“¡Esto es violencia!”
Tengo la firme impresión de que quien tiene el privilegio –como yo ahora– de escribir en un medio masivo de comunicación, guarda siempre la esperanza de que lo que diga, sugiera o recomiende, sea leído por quien tenga el poder de remediar un entuerto que atañe a una mayoría o incluso al país entero. Cuando la crítica es honesta, fundada y las propuestas que uno haga parezcan gozar de una lógica vigorosa, el sueño de todo comunicador es que ese “alguien” se entere y tome las medidas correctivas necesarias.
Y, sin embargo, en la inmensa mayoría de los casos esto no sucede. Es más probable que se repare una banqueta o se retiren los montones de basura que, de vez en vez, exhibe algún periódico, que poner freno a delitos que pudieron haberse evitado si se atendiera lo que los comunicadores de buena fe llegan a plantear.

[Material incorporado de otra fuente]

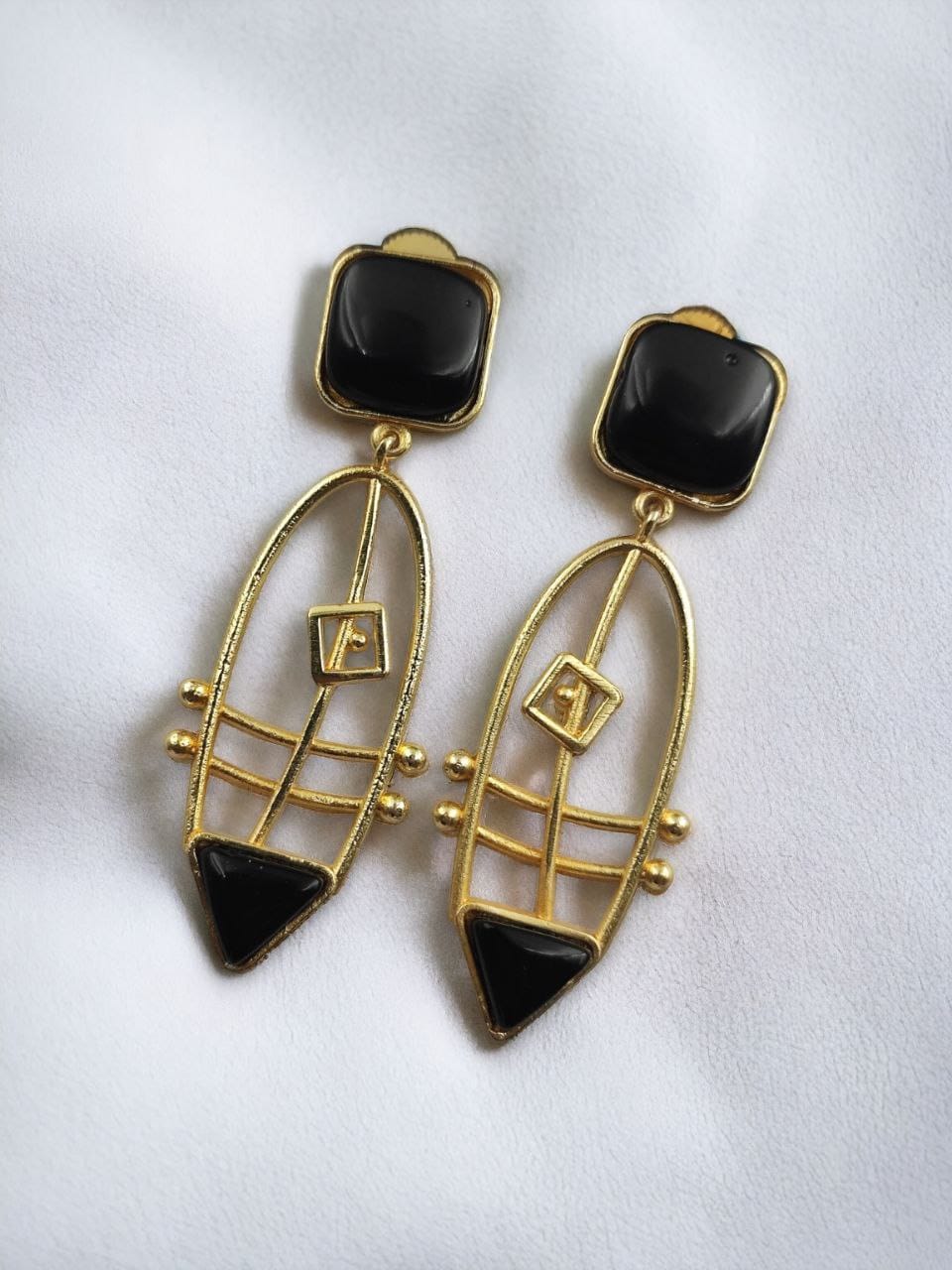 Modern Goldplated Monalisa Stone Earrings – Best Stylish Western Elegance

En el caso de Ingrid, no bastó que se cometiera un brutal asesinato, sino que a ello le siguió el festín macabro de la prensa amarillista y las redes sociales.
Pero, ustedes se preguntarán por qué repetir el titulo de un artículo que me fue publicado hace casi 10 meses atrás (Siempre¡ 12 de marzo 2019) y en el que eché mano de una cita de Suetonio, historiador romano que nos describe con cruda narrativa la muerte de Julio César, con la que me propuse destacar el punto de que, al momento de caer el emperador herido de muerte por la lluvia de puñaladas que le hincaban sus enemigos, “envolvióse –nos narra Suetonio- la cabeza en la toga, y con la mano izquierda se bajó los paños sobre las piernas, a fin de caer con más decencia, teniendo oculta la parte inferior del cuerpo” . En ese fatídico momento, Julio César los increpó airado: “¡Esto es violencia!”. De aquí el titulo de ambos artículos (versión 1 y versión 2); y de aquí también la preocupación que todo ser humano tiene por que su cuerpo no sea ultrajado una vez privado de la vida.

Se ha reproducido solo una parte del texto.